■ **Exercise aim**:
In the records below, tally each line that contains the word "Used" and give the total only.

■ **Provided material**:
──────────

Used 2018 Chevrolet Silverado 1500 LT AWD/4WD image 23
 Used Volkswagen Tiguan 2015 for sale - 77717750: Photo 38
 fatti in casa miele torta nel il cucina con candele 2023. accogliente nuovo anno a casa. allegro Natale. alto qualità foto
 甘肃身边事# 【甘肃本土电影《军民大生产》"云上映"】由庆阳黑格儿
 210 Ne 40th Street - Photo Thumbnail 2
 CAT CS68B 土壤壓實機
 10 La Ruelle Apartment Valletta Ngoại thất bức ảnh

──────────

■ **Your response**:
2